In most cases, I think parents don’t credit the many small ways that early adolescence is scary for their daughter or son. Partly this is because of the parents’ own amnesia about anxieties of their own growing up, and partly this is because the young person keeps their fears to themselves. When parents do have the gift of recall, sharing growth anxieties from their youth can give acceptance to the young person and may encourage the daughter or son to emotionally share.

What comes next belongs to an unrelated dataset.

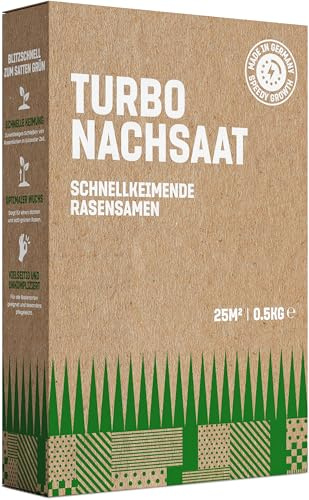 GardenGloss Rasensamen Schnellkeimend Frühjahr 0,5kg - Made in Germany - 25m2 Fläche Rasen - Grassamen Turbo Nachsaat und Neuanlage - Rasennachsaat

“I don’t know if my experience is exactly like yours right now, but I can definitely remember a lot of the fears I had at your age. For example, in early middle school I can remember taking hours to get my appearance and dress just right before leaving the house because I was afraid of what other people might think of how I looked. I can remember being scared of a teacher calling on me in class for fear I’d say something stupid in front of other students. I can remember being afraid of making and admitting a mistake for fear of being laughed at, or criticized, or corrected. I can remember the agony of deciding whether to try out for a team for fear of failing to make the competition. I can remember feeling scared of going along and not going along with what friends were daring to do. I can remember being afraid of trying new things because that felt like being out of control. And I had lots of other fears. But as I got used to all the changes, I grew more sure of myself and less afraid. I believe the same will be true for you. I just hope you’ll tell me when life gets scary so at least I can give you a listen. That way you won’t have to feel alone.”

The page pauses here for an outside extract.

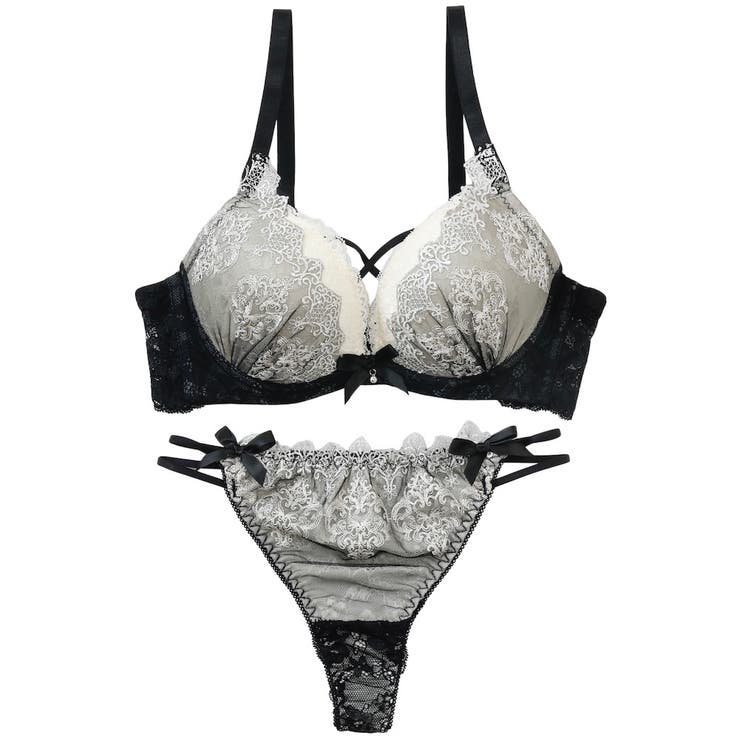 【脇高】ゴシックレース 脇高ブラ＆Tバックショーツ  A B C D | palissee | 詳細画像11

It can also sometimes help if parents will talk operationally about adolescent change in terms the young person can relate to. “Growing up a big deal because it means changing in at least four ways. You have to START acting older, you have to STOP acting younger, you have to INCREASE responsibilities, and you have to DECREASE comforts you were used to. So if you’re feeling overwhelmed some times, wishing you could go back to simpler days, maybe this is why.”
In addition, parents can also soften change by explaining how it’s not as dramatic and extreme as it may first appear. “I know it feels like your whole world is being turned upside down by all this change, but it’s less than it seems. True, growing up is about you becoming DIFFERENT, but that’s actually the lesser part of the story. In fact, growing up is more about continuation than change. More about you will stay the SAME – like the person you basically are and the family you will always be part of. Growing up is about redefinition, not replacement.”
Another way to help soften early adolescent change for the young person is letting them know that she or he can hold on to childhood activities and objects and enjoyments as long as they want. “Just because you're growing older doesn’t mean you have to set aside or throw away all your precious childhood things.” This parental permission can be powerfully reassuring to a young person who is letting go of childhood but really misses holding on to some anchoring objects and activities in her former life for a while longer.
The entry into adolescence can feel daunting. However, instead of running from the feeling, the young person has to be brave. They have to follow their fear to engage with what is frightening.There is no other way. So parents can explain to the 5th grader anxious about middle school ahead: "Scary at first becomes comfortable with practice and learning. Courage to try builds confidence this way."